Discussion

L’objectif de ce chapitre était d’illustrer la question des traces mnésiques8 dans le modèle ACT-IN. D’après Versace et al. (2002 ; 2009), les traces mnésiques sont le reflet de la perception et donc, en conséquence, sont de nature épisodique et multimodale. Nous avons donc examiné de manière rigoureuse ces deux caractéristiques en nous penchant plus particulièrement sur les conditions de formation des traces mnésiques et la nature des composants de ces dernières.

Nous avons accordé une attention particulière à ce point dans la première section de ce chapitre. Nous sommes partis du constat que la perception et la mémoire partage un ensemble de mécanisme de traitement de l’information, notamment grâce à un recouvrement des zones cérébrales engagées dans ces deux fonctions cognitives. Nous avons alors souligné, au travers une démonstration expérimentale, le fait que les traces se forment lors d’expériences perceptives multimodales en liant en mémoire les multiples dimensions relatives à l’objet ou à la situation, et ce grâce à un mécanisme que nous avons appelé intégration mnésique. Les dimensions sensorielles et/ou motrices constitutives de la trace conservent alors leurs caractéristiques perceptives (pour une revue voir, Versace et al. 2009). À l’issue de cette section, nous sommes arrivés à la conclusion selon laquelle la trace mnésique est formée lors d’un événement perceptif et est épisodique et multimodale. Ceci est d’autant plus vrai que lorsque les dimensions de la trace sont intégrées, elles sont alors capables d’interagir à partir d’un indice et influencer le traitement en cours. Or, pour de nombreux auteurs (e.g.

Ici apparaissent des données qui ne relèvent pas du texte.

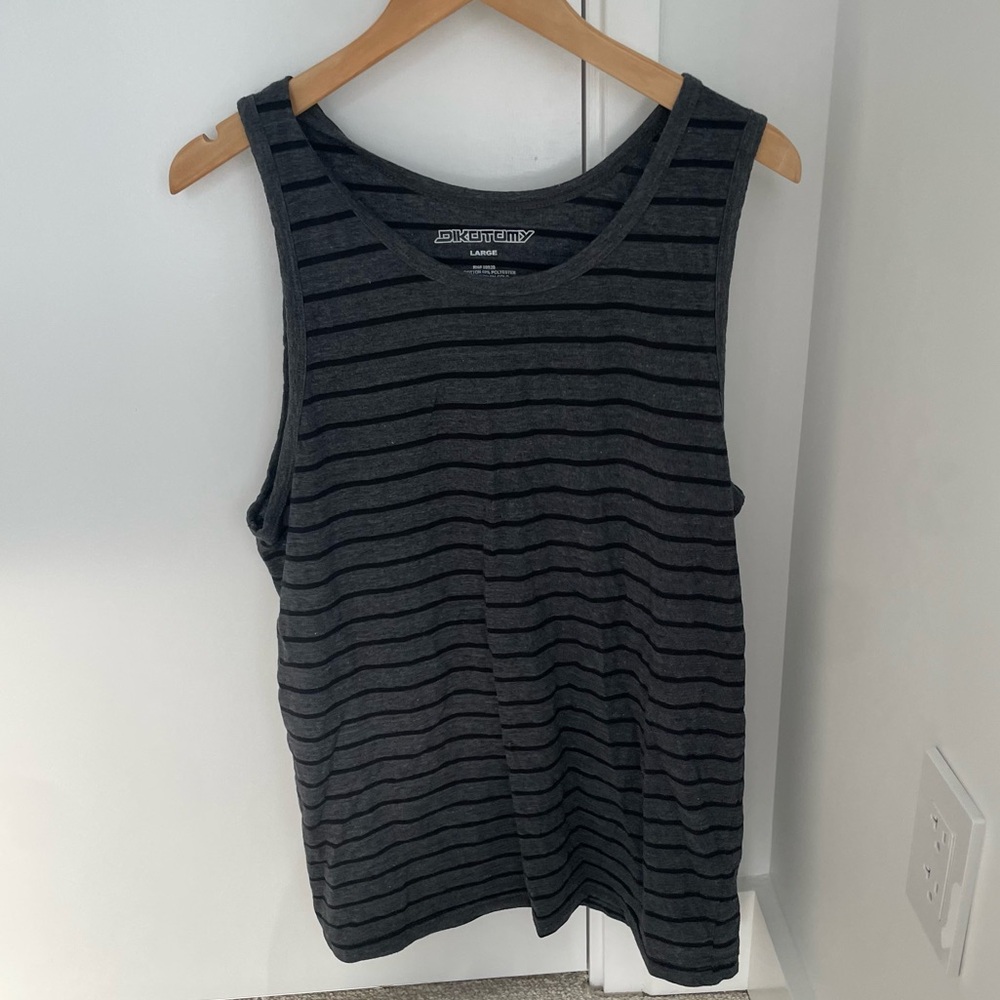 Dikotomy tank top, size large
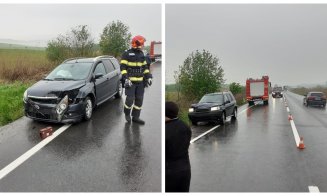 Coliziune între două mașini și un tir în Huedin. O persoană a fost transportată la spital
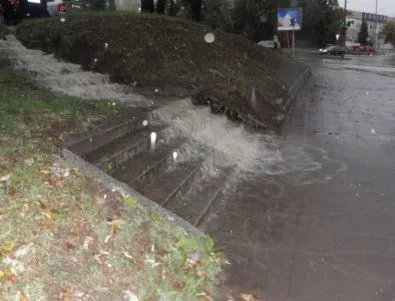 Пороен дъжд се изля в Благоевград, има наводнени сгради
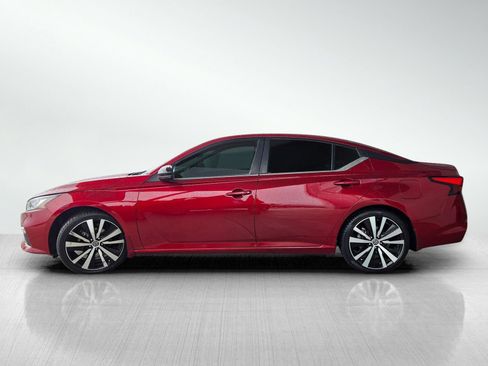 Used 2020 Nissan Altima 2.5 SR w/ Premium Package FWD image 10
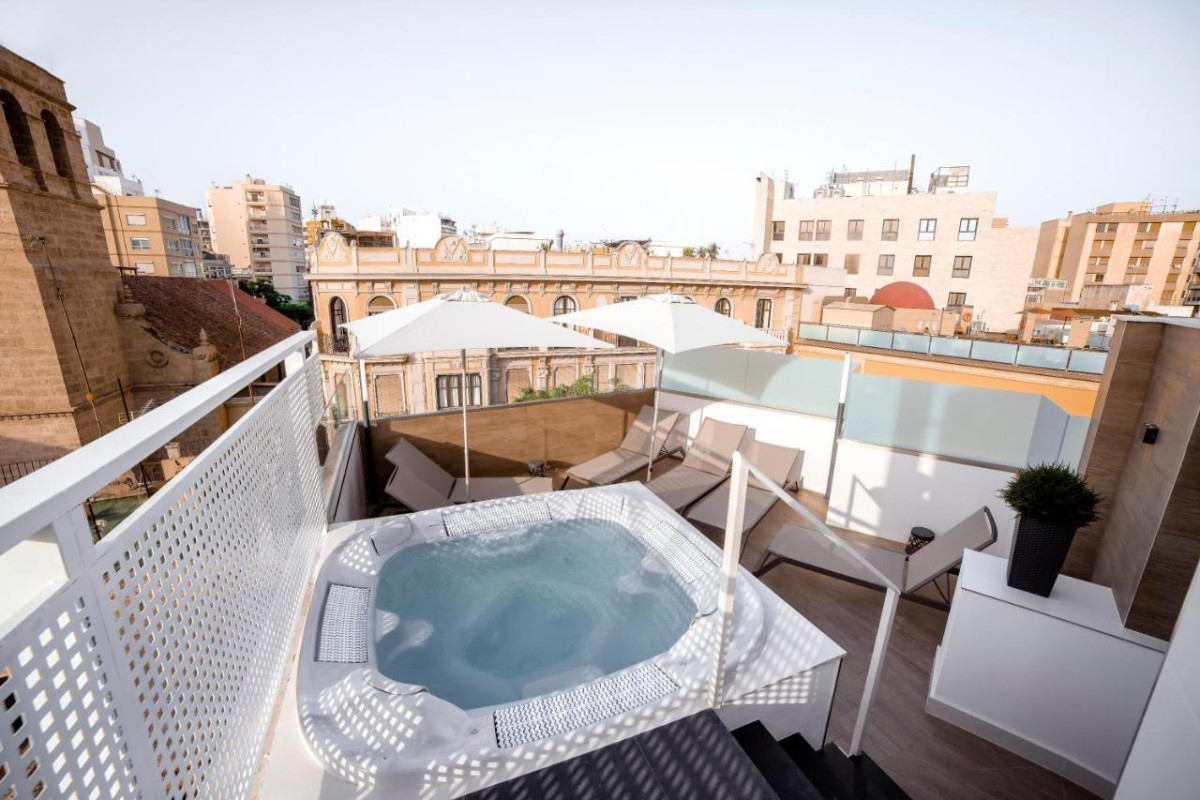 Nuevo Torreluz Hotel
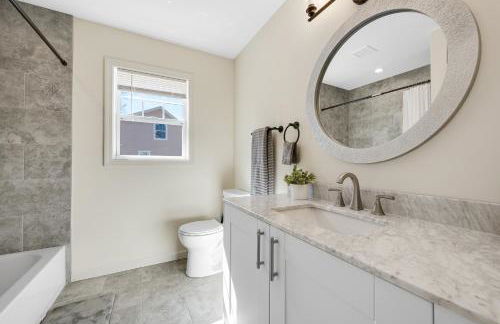 Spacious House in Prime Location - Photo 60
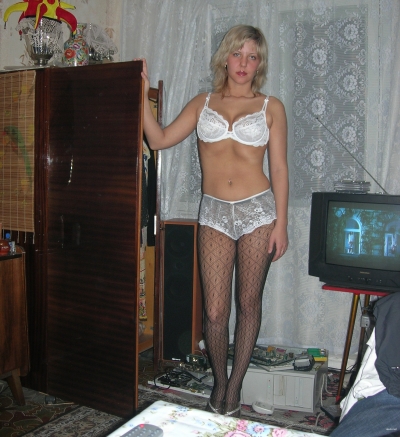 Hot Wife Poses for Husband: Explicit Amateur Photo Shoot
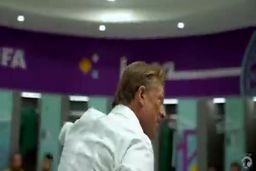 ببینید فضای رختکن عربستان بین دو نیمه بازی با آرژانتین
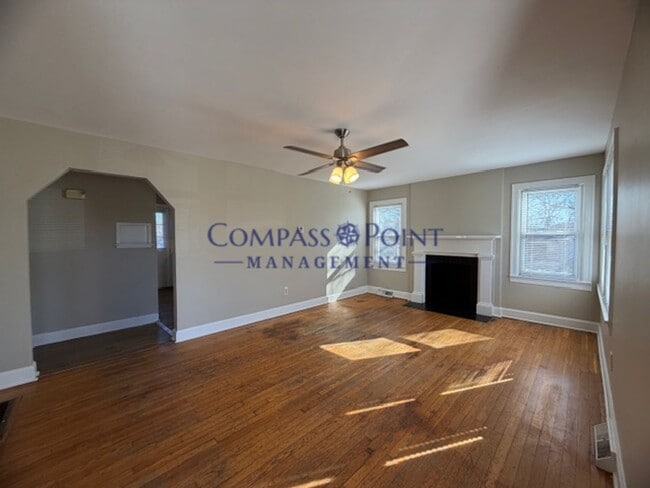 Building Photo - Come Settle Into Your New Home! FIRST MONTH RENT FREE!!!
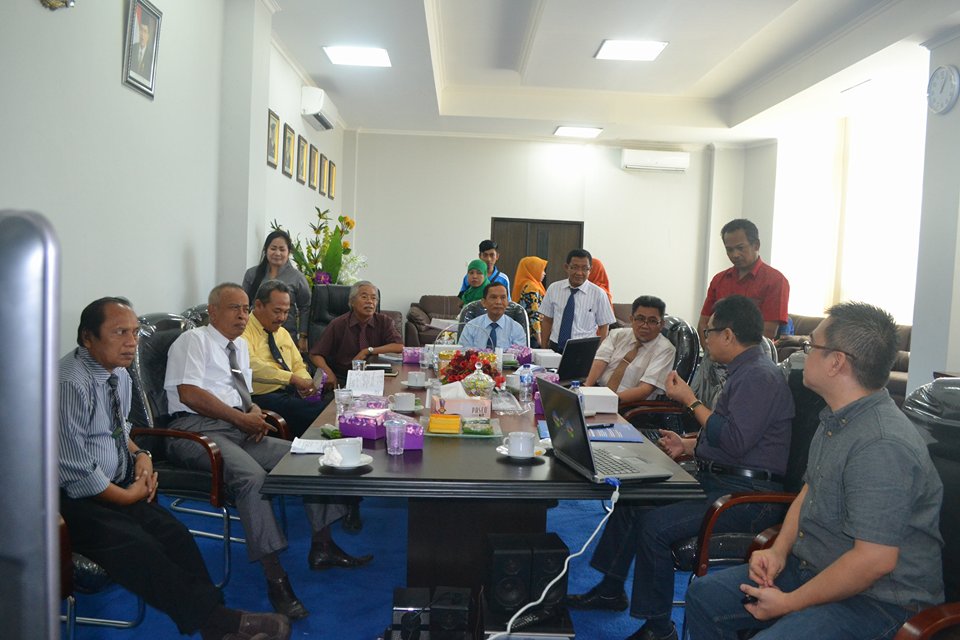 Rektor Untad Launching UNTAD Webinar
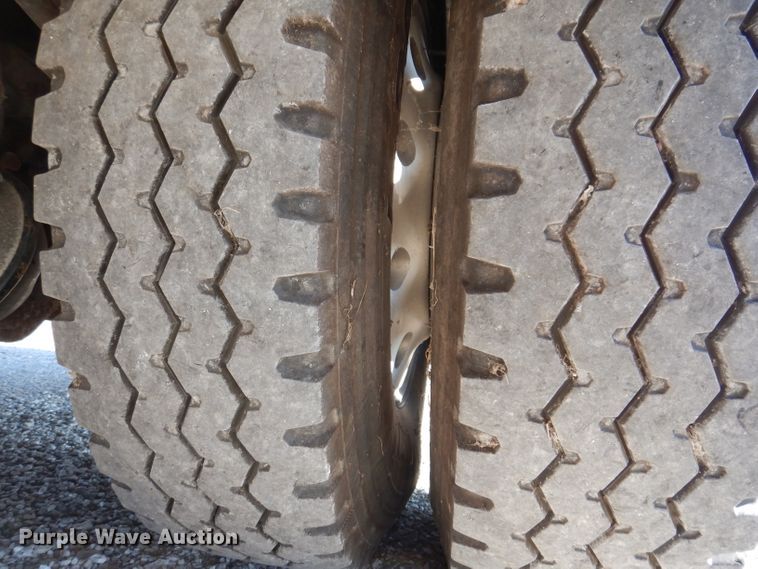 image for item DL5899 2005 American Lafrance L24M-75  aerial platform fire truck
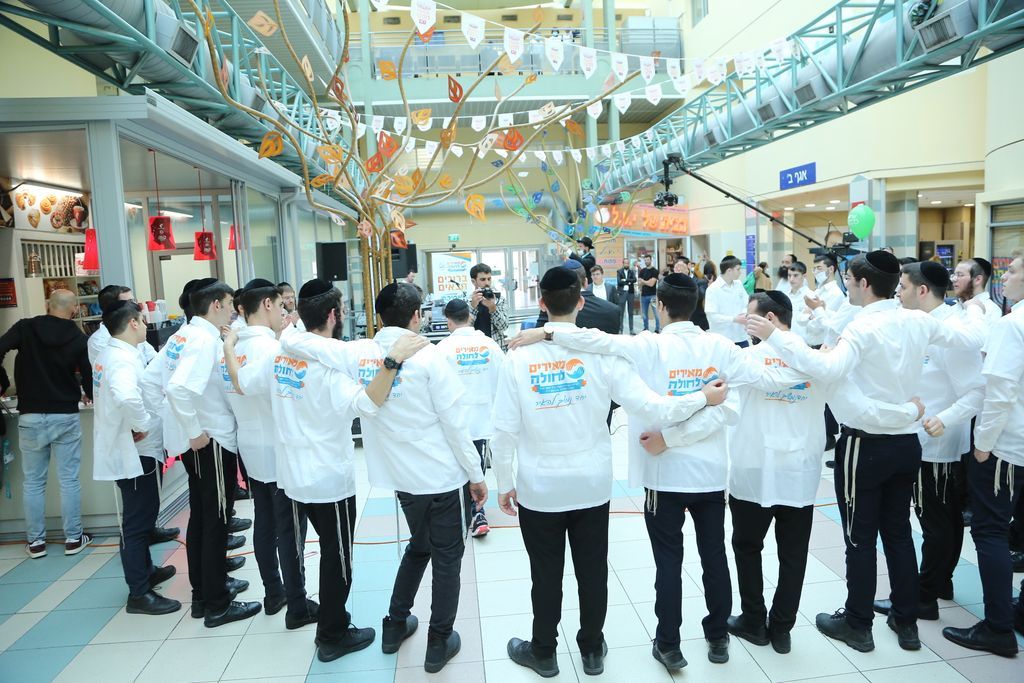 המהפכה נמשכת גם בפורים: רגעים של שמחה שבהם הכאב נשכח 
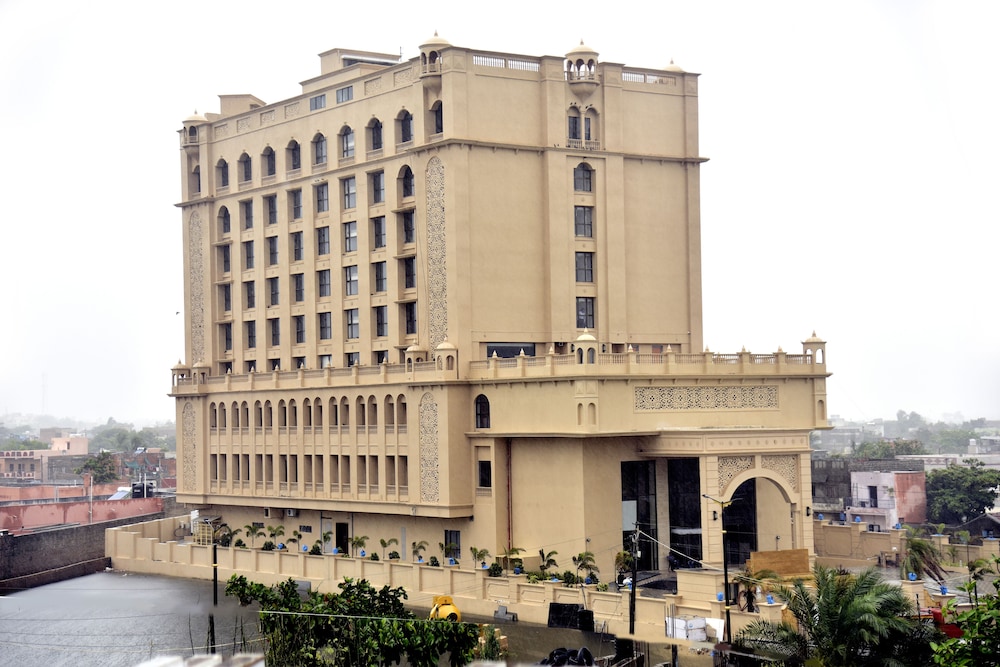Lemon Tree Premier, Dwarka 1/50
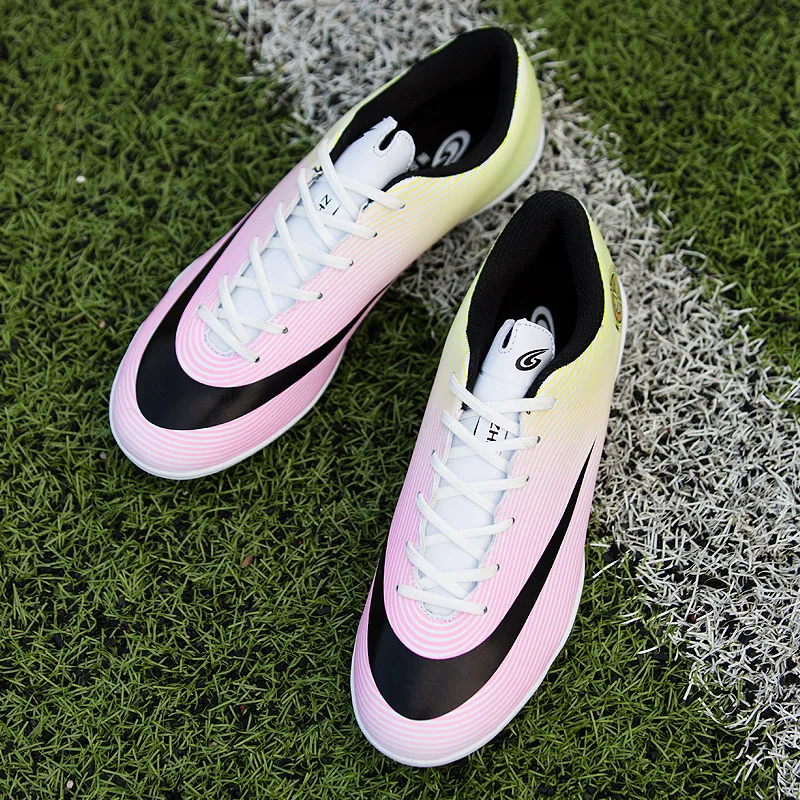 ZHENZU Professional Men Turf Indoor Soccer Shoes Cleats Kids Original Superfly futsal Football Boots Sneakers chaussure de foot
ZHENZU Professional Men Turf Indoor Soccer Shoes Cleats Kids Original Superfly futsal Football Boots Sneakers chaussure de foot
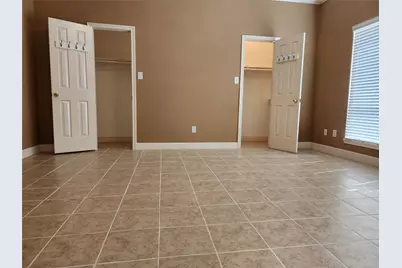 4215 Shady Village Court, Missouri City, TX 77459 - Photo 6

Thompson, 2005), cette relation interactive (la simulation, Barsalou, 2008) au niveau des dimensions multimodales de la trace ne devrait s’observer que dans les traitements qui impliquent des connaissances épisodiques (e.g. imagerie mentale, rappel, reconnaissance).

Dans la deuxième section de ce chapitre, nous nous sommes attachés à vérifier l’assertion selon laquelle il n’existerait pas de différence qualitative, c’est-à-dire modale vs. amodale, entre des formes de connaissances. A l’inverse des traitements épisodiques, les traitements conceptuels sont censés impliquer une unité fixe, acontextualisée et amodale. Nous avons critiqué cette définition en présentant une série de résultats expérimentaux attestant du caractère flexible (voir aussi Hoenig et al, 2008) et notamment multimodal (Barsalou et al., 2003b ; Brunel et al., 2010 ; Connel & Lynnot, 2009) des concepts en mémoire9. De plus, lors de cette section, nous sommes revenus sur la notion d’intégration mnésique en montrant que cette dernière ne se limite pas aux dimensions de l’expérience mais est aussi impliquée dans le maintien des propriétés d’un épisode (Vallet et al., sous presse).

Notes
8.

Pour une discussion sur les mécanismes biologiques de la trace mnésique (Voir Thompson, 2005)

9.

Pour des exemples de travaux sur le caractère contextualisé des concepts, voir McKoon & Ratcliff, 1986 ; Pecher & Raajmakers, 2004.